The heavy rains that affected central and southern Taiwan were triggered by a southwesterly wind interacting with a convection circulation.
The Pingtung County Government closed schools and offices in Chunrih Township (春日) due to road damage.
Photo: Wan Yu-chen, Taipei Times
TV news footage showed Tainan residents pushing motorcycles through the floodwaters. In Rende District (仁德), which was severely affected, police on patrol waded through floodwaters instead of riding scooters.
Some people tried in vain to salvage their vehicles.
“When I came downstairs, my car was already deep in water. It all happened in 20 minutes,” a man told a TV news reporter.

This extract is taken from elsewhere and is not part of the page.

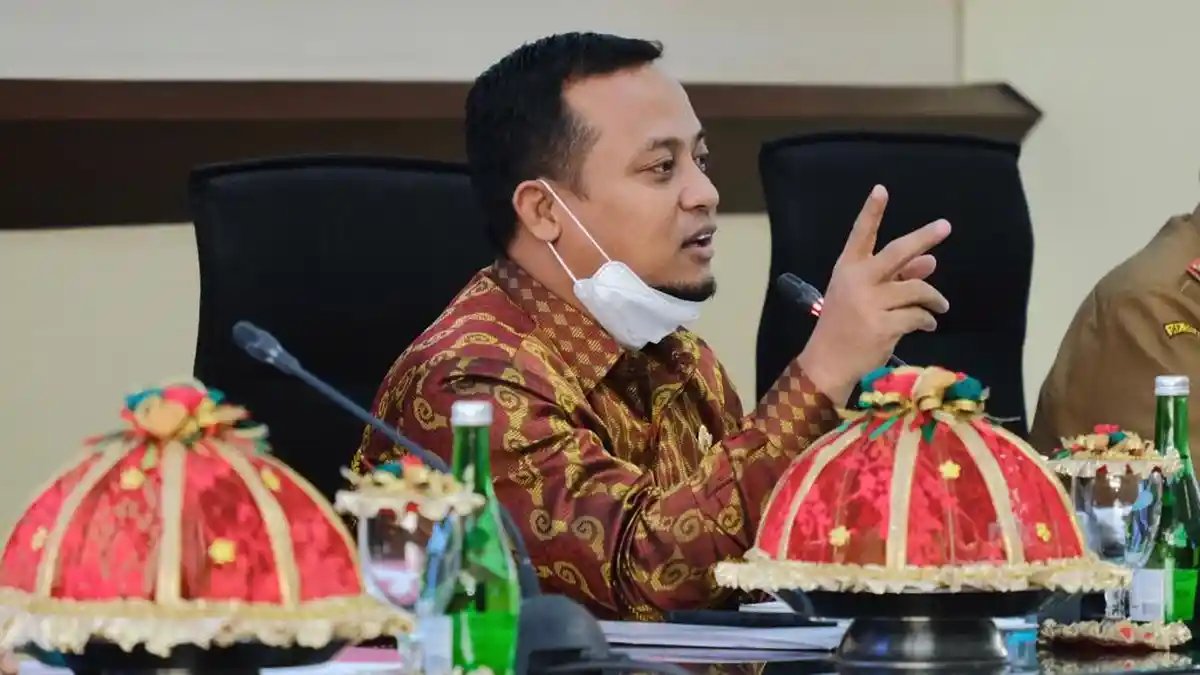 Kasus Corona Sudah Turun, Plt Gubernur Sulsel Tetap Berlakukan PPKM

Photo: Wang Chieh, Taipei Times
A man in Tainan’s Yongkang District (永康) said that yesterday’s rain was worse than the flooding during Typhoon Morakot in August 2009, a storm that killed 619 people.
Central Weather Bureau statistics showed that at 325.5mm Tainan received the most rain from 12am to 4pm. Pingtung followed with 279mm and Kaohsiung with 269.5mm, while two or three observation stations south of Taichung recorded rain that exceeded 100mm per hour.
Tainan nearly had torrential rain, which is 350mm of rain accumulated within 24 hours. Pingtung and Kaohsiung had extremely heavy rain, which the bureau classifies as 200mm of rain in 24 hours.
The interaction of high humidity, the southwesterly wind and convection circulation at 12am contributed to the extremely heavy rain that happened in such a short period of time, bureau forecaster Chen Yi-hsiu (陳依秀) said.
Taiwan is in a zone of low pressure, in which the southwesterly wind is the dominant force, stretching from Japan and South Korea to the Philippines and the South China Sea, Chen said, adding that the nation would experience the effects of the southwesterly wind until Sunday.
Rain is expected again in central and southern Taiwan early this morning, but it would not be as strong as yesterday, she said.
From tomorrow to Friday, the wind is expected to strengthen due to Typhoon Krosa, which is forecast to move toward Japan and South Korea today and tomorrow, she said, adding that rain is forecast from tomorrow afternoon through Friday night.
Although the possibility of torrential rain is not excluded, heavy to extremely heavy rain is forecast for central and southern Taiwan before Sunday, Chen said.
Former bureau Weather Forecast Center director Daniel Wu (吳德榮) said that the atmosphere within the monsoon trough is more unstable than the one during the plum rain season.
Its ability to trigger severe weather — including thunder and lightning, strong wind, heavy precipitation, tornadoes and consecutive heavy rain — is similar to that of the plum rain season, he added.
The southwesterly wind was produced by Tropical Depression Lekima, Weatherrisk Explore chief executive officer Peng Chi-ming (彭啟明) said.
“Typhoon Krosa’s development has strengthened the southwest monsoon, which in turn increased humidity near Taiwan and made meteorological conditions unstable along the central and southwest coasts, worsening the chances of convections, lightning and tornadoes,” Peng said.